It is very difficult to analyze a problem afterwards if no logs are available. One can only guess what can be and what not.
It is normal that only the primary controller is displayed for an AP in status down. So you can see where the AP was connected when it was in status up.
So in cluster operation the AP stores the IP addresses of both cluster members in the nodelist and tries to connect to its primary controller after a reboot. If the primary controller is not reachable, the AP tries to connect to the secondary controller. If the secondary controller is also not reachable, the AP tries to connect to the aruba master that it finds via ADP - in your case via DNS. If it cannot connect to any controller, the AP boots.

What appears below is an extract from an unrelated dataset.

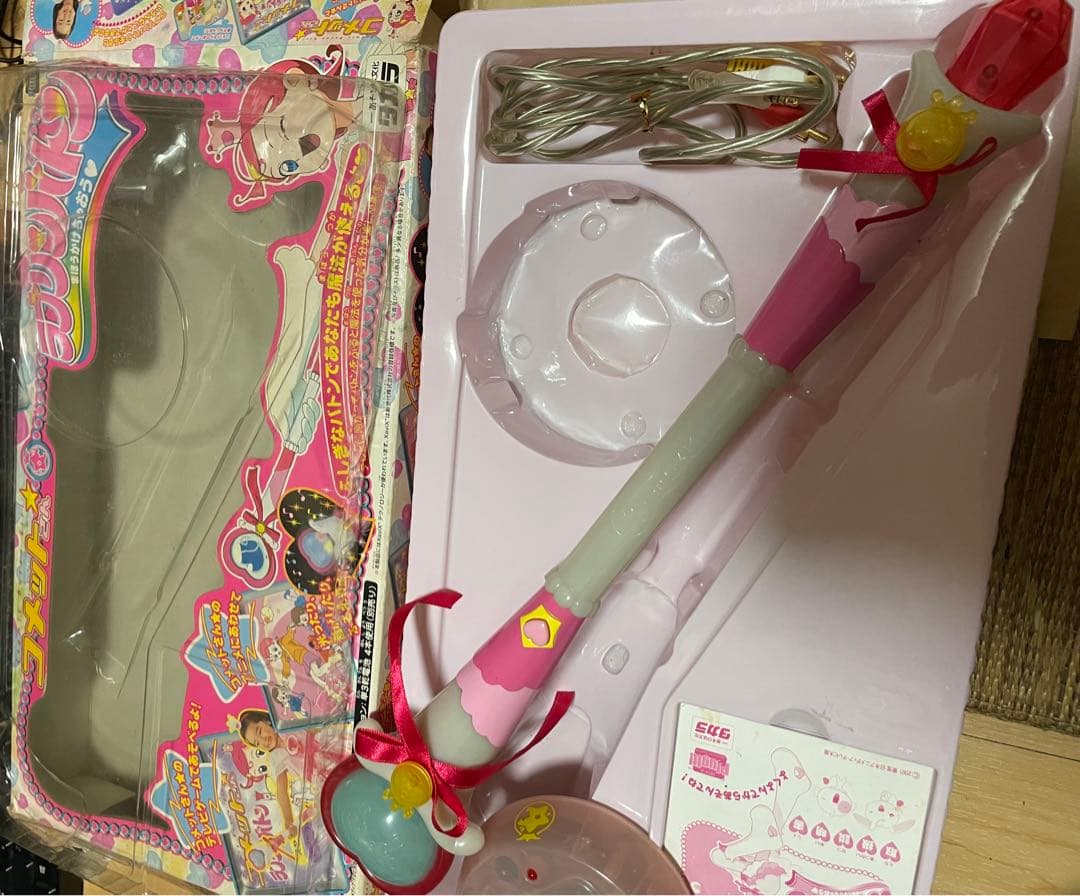 コメットさん　ラブリンバトン　動作未確認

In your case the AP could not connect to any controller and ended up in a boot loop. Can you eliminate wired network as the cause of the error? Is it possible that the AP did not reach the controllers on the transport layer? Possibly because of a firewall or routing problem?
So the controller controllers definitely do not need to be rebooted on schedule.
For the configuration, contact a local Aruba partner, maybe your configuration needs to be redisigned.
------------------------------
Regards,
Waldemar
ACCX # 1377, ACEP, ACA - Network Security
If you find my answer useful, consider giving kudos and/or mark as solution
------------------------------
Original Message:
Sent: Mar 03, 2023 10:52 AM
From: bkw1227
Subject: DHCP or Controllers
I have 17 AOS clustered controllers at 8.6. code.
We were experiencing a situation where some access points would not get back on the network after a power outage at a some schools. The AP's would boot up, grab an IP, resolve the master DNS , reboot grab a different IP. We spent hours troubleshooting the DHCP. I later to a hard look at the cli output from show AP database long and noticed that the AP's that were down didn't have a backup IP. At that point took a look at the cluster of controllers. I noticed that one of the 17 controllers had 0 AP's and 0 users. Called support and the controller was rebooted. All of the down AP's returned to an up state. There was no crash info, and I was asked to download logs on the rebooted controller.
Can some one help me understand why with 17 controllers clustered the AP's could not get back on the network?
Is it the configuration?
A bug in the software?
Do the controllers need to rebooted on schedule?
Thanks